[petsc-dev] Question About Petsc ILU
Mark F. Adams
mark.adams at columbia.edu
Thu Dec 29 13:18:15 CST 2011
On Dec 29, 2011, at 12:45 PM, Dave Nystrom wrote:
> Jed Brown writes:
>> On Thu, Dec 29, 2011 at 11:01, Dave Nystrom <dnystrom1 at comcast.net> wrote:
>>
>>> I have recently added the capability to have a separate preconditioning
>>> matrix in the petsc interface for the code I am working with. I have two
>>> types of preconditioning matrices that I have questions about. One is
>>> tridiagonal and the other is 7 diagonals. In both cases, the the diagonals
>>> are all lexically adjacent. Or phrased differently, the tridiagonal matrix
>>> has a bandwidth of 3 and the 7 diagonal matrix has a bandwidth of 7 and so
>>> they are compact or dense band systems.
>>>
>>> I was wondering what petsc ilu will do for preconditioning matrices like
>>> these. Will it produce an exact lu factorization or a nearly exact
>>> factorization?
>>
>> Yes
>>
>>> I'm interested in the answer to this question because I am thinking I
>>> might be able to run this preconditioner on the gpu using the txpetscgpu
>>> package.
>>
>> Likely pointless because this solve is probably not a big part of run-time.
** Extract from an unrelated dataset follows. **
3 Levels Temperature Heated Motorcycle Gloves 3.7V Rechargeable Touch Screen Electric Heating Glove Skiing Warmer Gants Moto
>> The bigger concern is the convergence rate that you lose by using this
>> approximation. Matt and I mentioned this the last time you brought it up,
>> but I recommend getting familiar with the literature. Then, get the math
>> straight before looking for ways to transform into problems that you can
>> run fast on a GPU or whatever. If you just optimize kernels, you're likely
>> to optimize something that takes a small part of run-time and isn't really
>> helping you anyway.
>
> So the application code is one that I am not the primary author on and it is
> a 2d resistive MHD with extensions code for magnetized fusion problems.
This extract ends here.